WORK REQUEST:
Lines from the line with "Cyclamen Mothers Halo Indiaka Mixed" to the line with "AKC tiny bean" in the entries below, and only those, must be output exactly, with both ends included.

RECORDS FOR PROCESSING:
···
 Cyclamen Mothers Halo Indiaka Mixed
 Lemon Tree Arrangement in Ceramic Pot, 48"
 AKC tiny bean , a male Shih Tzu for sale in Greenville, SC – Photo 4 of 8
···
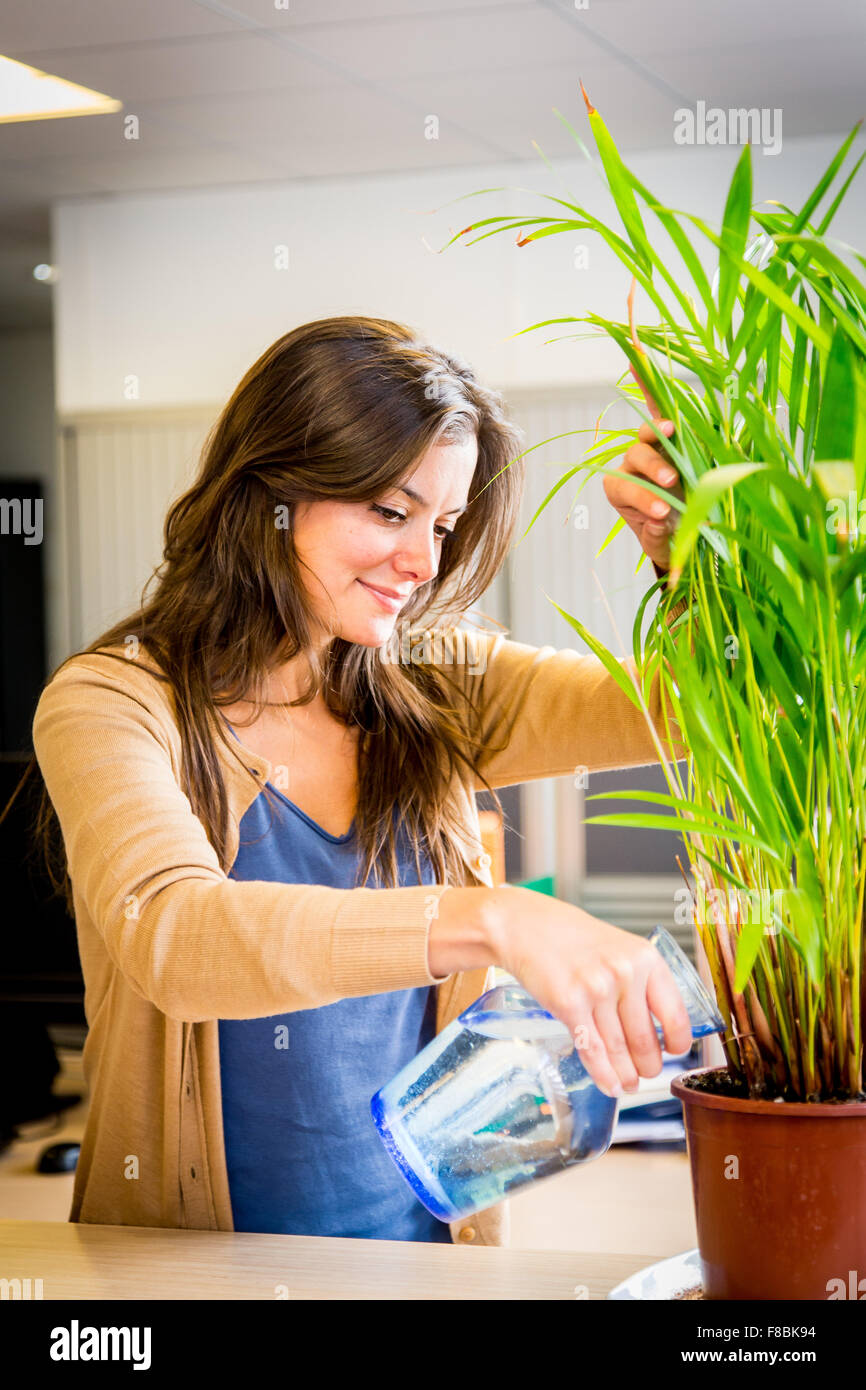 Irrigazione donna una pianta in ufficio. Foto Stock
···
EXERCISE RESULT:
 Cyclamen Mothers Halo Indiaka Mixed
 Lemon Tree Arrangement in Ceramic Pot, 48"
 AKC tiny bean , a male Shih Tzu for sale in Greenville, SC – Photo 4 of 8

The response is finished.